Recorded data:

+ + + +

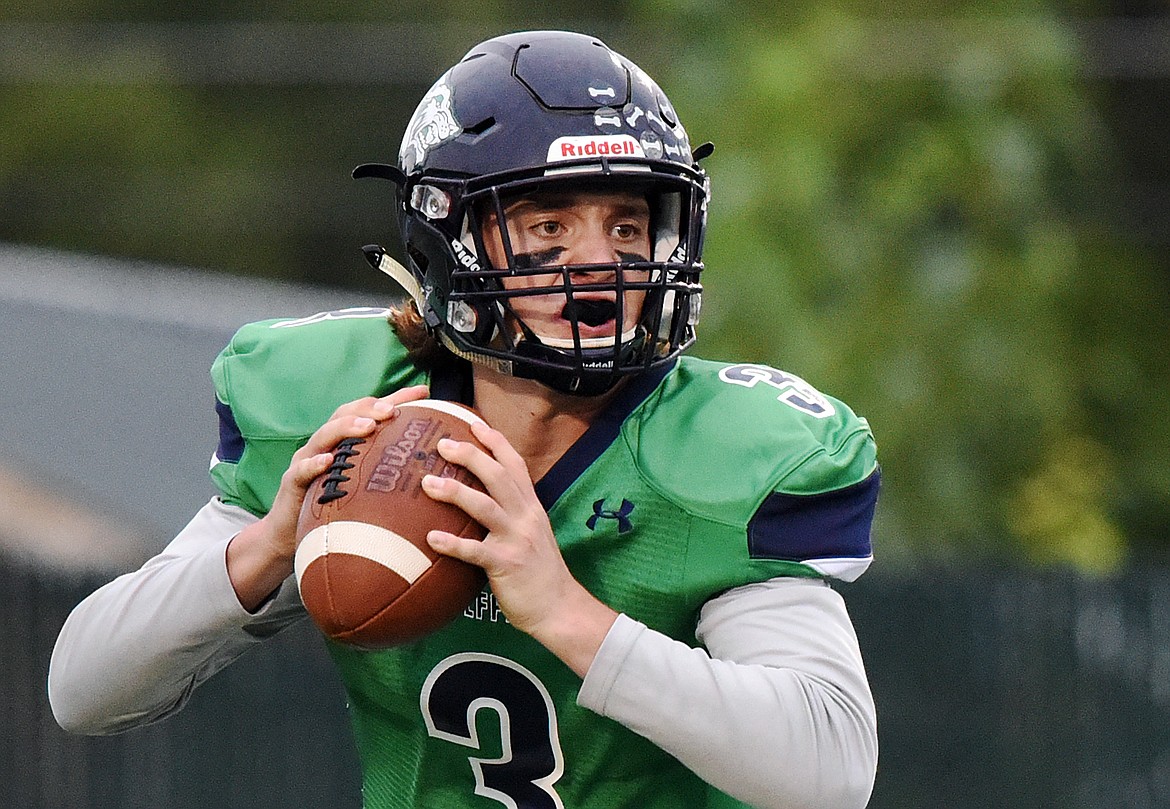 Glacier quarterback JT Allen (3) rolls out to pass in the first quarter against Mount Spokane at Legends Stadium on Friday. (Casey Kreider/Daily Inter Lake)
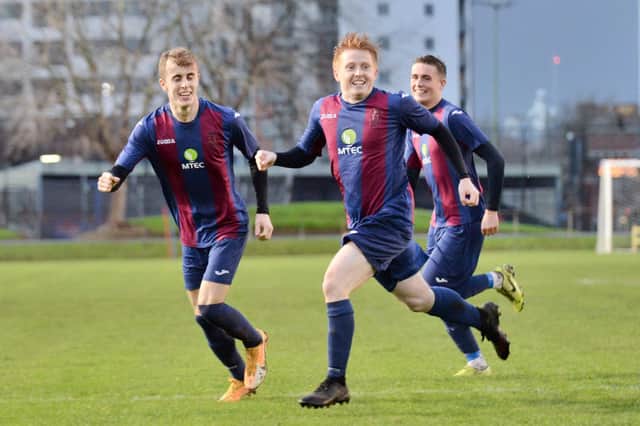 Frankie Paige (foreground) wheels away after scoring for US Portsmouth in their 3-2 Vase third round win over Millbrook in December. Pic: Martyn White.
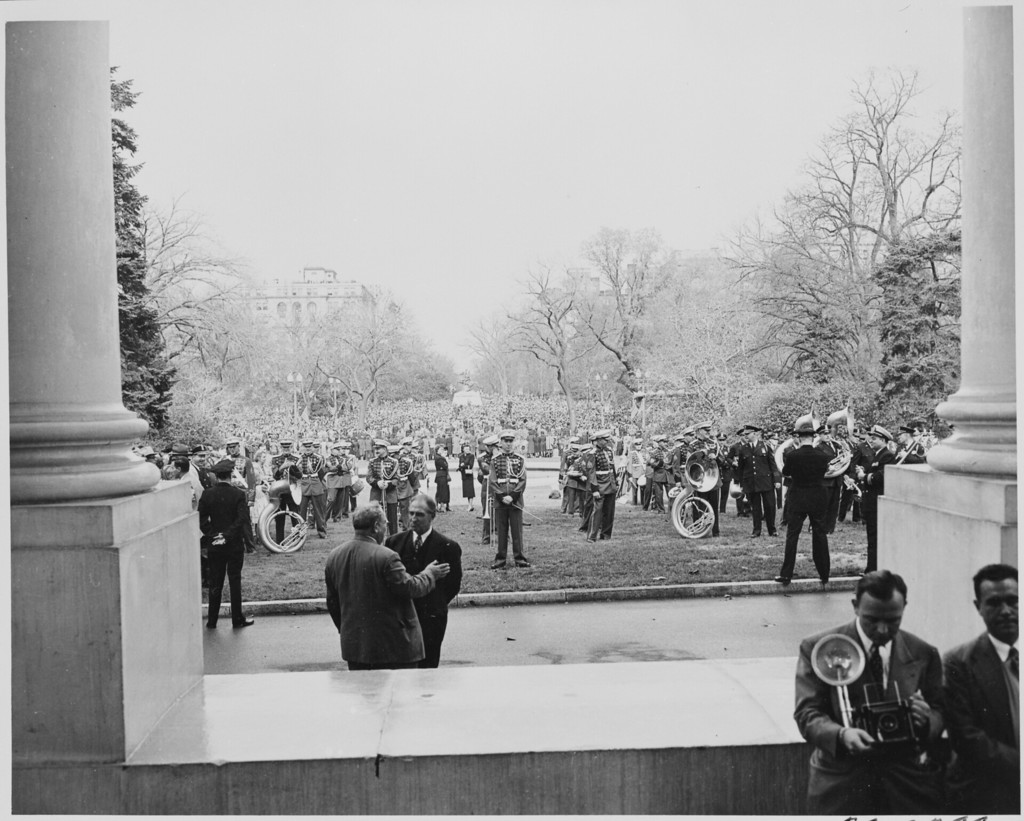 A military band standing on the front lawn of the White House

+ + + +

Task directions: Output the whole listing exactly. Pictures stay out.

Problem solution:
 Glacier quarterback JT Allen (3) rolls out to pass in the first quarter against Mount Spokane at Legends Stadium on Friday. (Casey Kreider/Daily Inter Lake)
 Frankie Paige (foreground) wheels away after scoring for US Portsmouth in their 3-2 Vase third round win over Millbrook in December. Pic: Martyn White.
 A military band standing on the front lawn of the White House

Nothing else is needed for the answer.